# Math Help - equation of ball

1. ## equation of ball

My teacher gave us a brainteaser for extra points... haha but it's been a long time since i used parabolas... guide me to the solution please!! Thank You guys!

Given equation: h(t)=c-(d-4t)^2

Problem:
At time t=0 a ball was thrown upward from an initial height og 6 feet. Until the ball hit the ground, tis height, in feet, after t secons was given by the function h above, in which d and c are positive constants. If the ball reached its maximum height of 106 feet at time t=2.5, what was the heigh in feet of the ball at time t=1?

Well, I supposed that c=6.. .but that won't make sense when you plug in 2.5 to t.( 6-d^2-100) I am seriously lost.....

2. Originally Posted by jjkins
My teacher gave us a brainteaser for extra points... haha but it's been a long time since i used parabolas... guide me to the solution please!! Thank You guys!

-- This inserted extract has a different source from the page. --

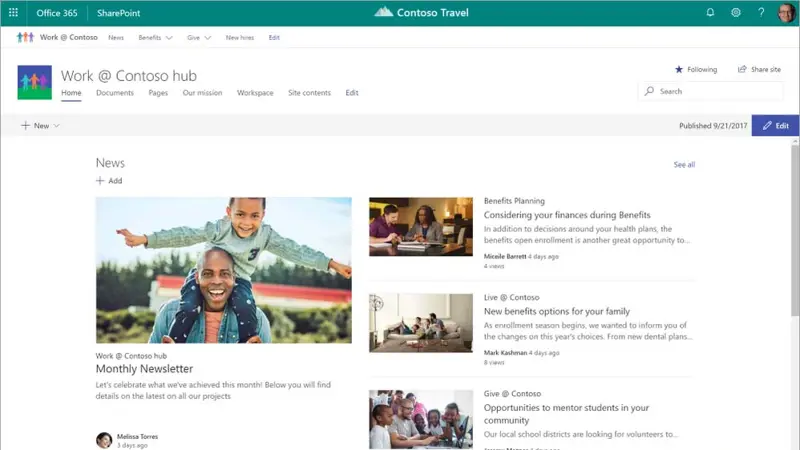 A SharePoint intranet site example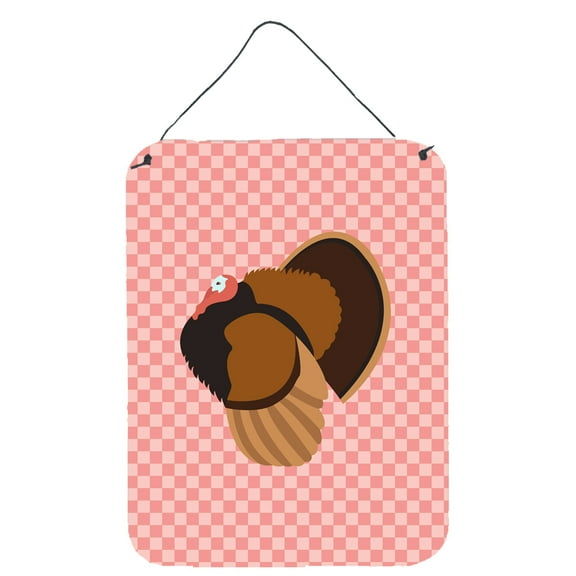 Caroline's Treasures BB7986DS1216 Bronze Turkey Pink Check Wall or Door Hanging Prints, 12x16, multicolor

Given equation: h(t)=c-(d-4t)^2

Problem:
At time t=0 a ball was thrown upward from an initial height og 6 feet. Until the ball hit the ground, tis height, in feet, after t secons was given by the function h above, in which d and c are positive constants. If the ball reached its maximum height of 106 feet at time t=2.5, what was the heigh in feet of the ball at time t=1?

Well, I supposed that c=6.. .but that won't make sense when you plug in 2.5 to t.( 6-d^2-100) I am seriously lost.....
I think the key to solve this question is to find the positive constants c and d. Let’s consider the given height function $h(t)= c-(d-4t)^2$, realize that $(d-4t)^2\ge 0$, so the maximum height can only be obtained when $(d-4t)^2= 0$, which means when $t=\frac{d}{4}$ it reaches the maximum height (and the maximum height is $h_{\mathtt{max}}=c$). Now you found $c=106$ and $\frac{d}{4}=2.5\Rightarrow d=10$, then you can answer the question by finding $h(1)=106-(10-4)^2$

Roy

3. Originally Posted by jjkins
My teacher gave us a brainteaser for extra points... haha but it's been a long time since i used parabolas... guide me to the solution please!! Thank You guys!

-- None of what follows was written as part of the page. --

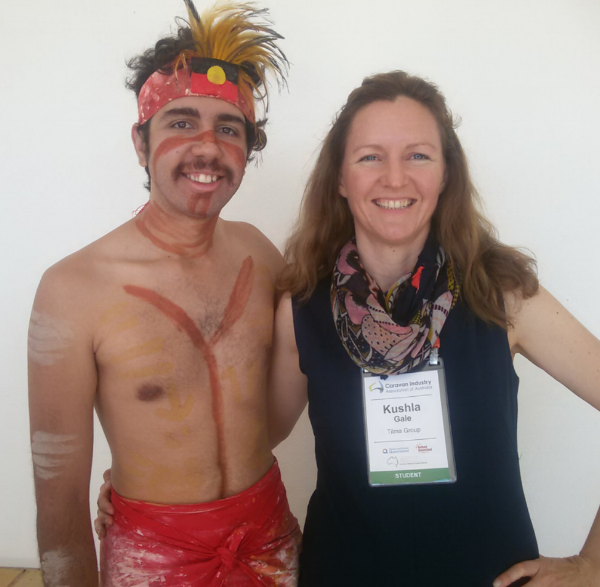 Tilma's Kushla Gale with a Mandandanji man from Maranoa region around Roma, Qld. The Mandandanji do an amazing Welcome to Country that shares the meaning behind cultural elements.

Given equation: h(t)=c-(d-4t)^2

Problem:
At time t=0 a ball was thrown upward from an initial height og 6 feet. Until the ball hit the ground, tis height, in feet, after t secons was given by the function h above, in which d and c are positive constants. If the ball reached its maximum height of 106 feet at time t=2.5, what was the heigh in feet of the ball at time t=1?

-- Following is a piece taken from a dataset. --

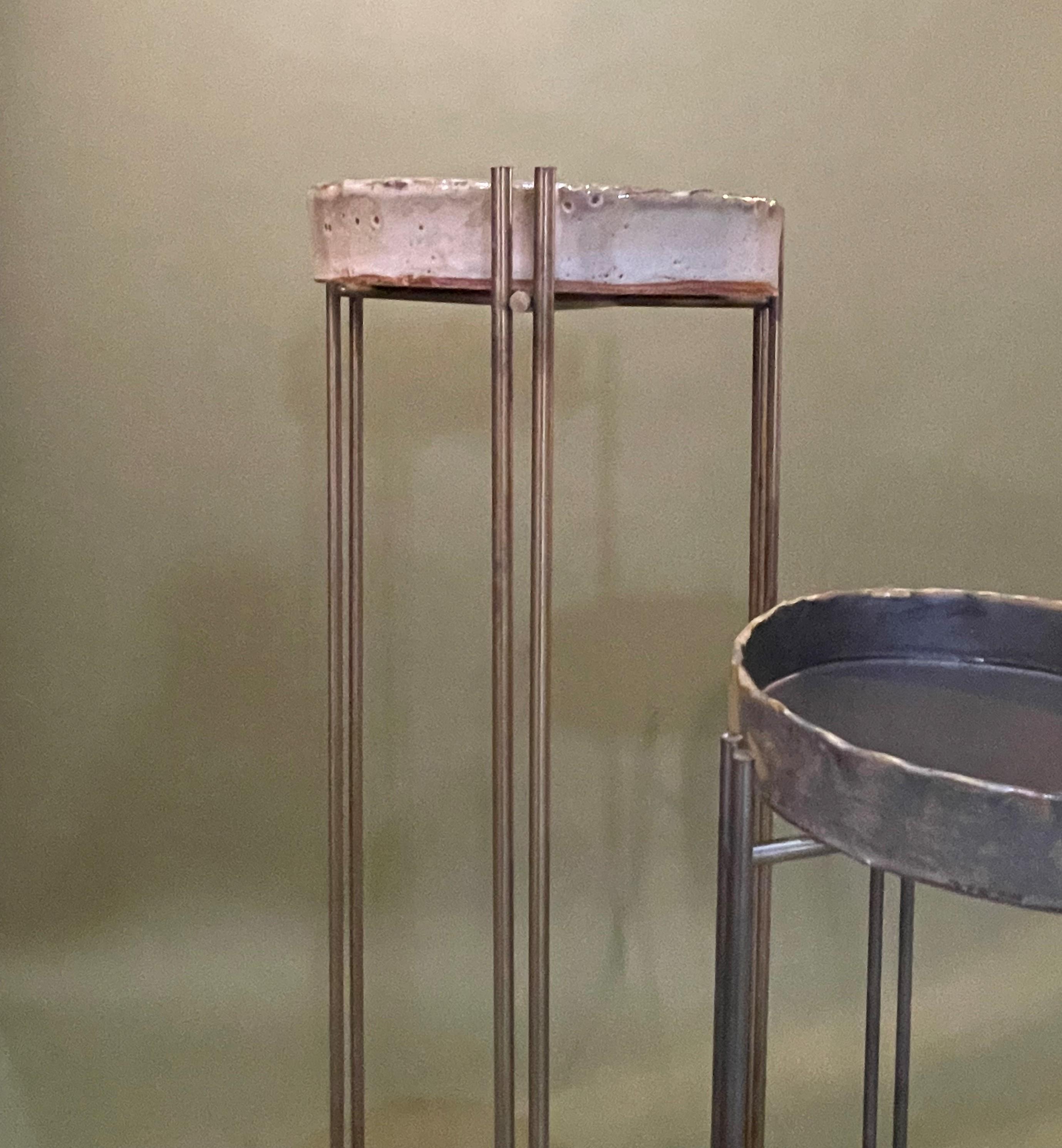 Pair of Martini Tables Ceramic Top & S Steel by Hannelore Freer and Filipe Ramos 3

Well, I supposed that c=6.. .but that won't make sense when you plug in 2.5 to t.( 6-d^2-100) I am seriously lost.....
h(t) = c-(d-4t)^2

We know two points on the parabola in the form (t,h(t)): (0,6), the initial point and (2.5,106), the vertex (maximum)

Putting the parabola in the form h(t) = a(t-h)^2+k using the point (0,6) for (t,h(t)) and the point (2.5,106) for (h,k) yields:

6=a(0-2.5)^2+106

solve for a:

a=-16

Now we know our standard equation is h(t)=-16(t-2.5)^2+106

Replace t with 1 to find the height at 1 second:

h(1)=-16(1-2.5)^2+106
h(1)=70

The height at 1 second is 70 feet.

I'm not sure why we would need to know the first equation that was given to you. Just using the vertex and initial height at t=0 would suffice to find the height at t=1 second.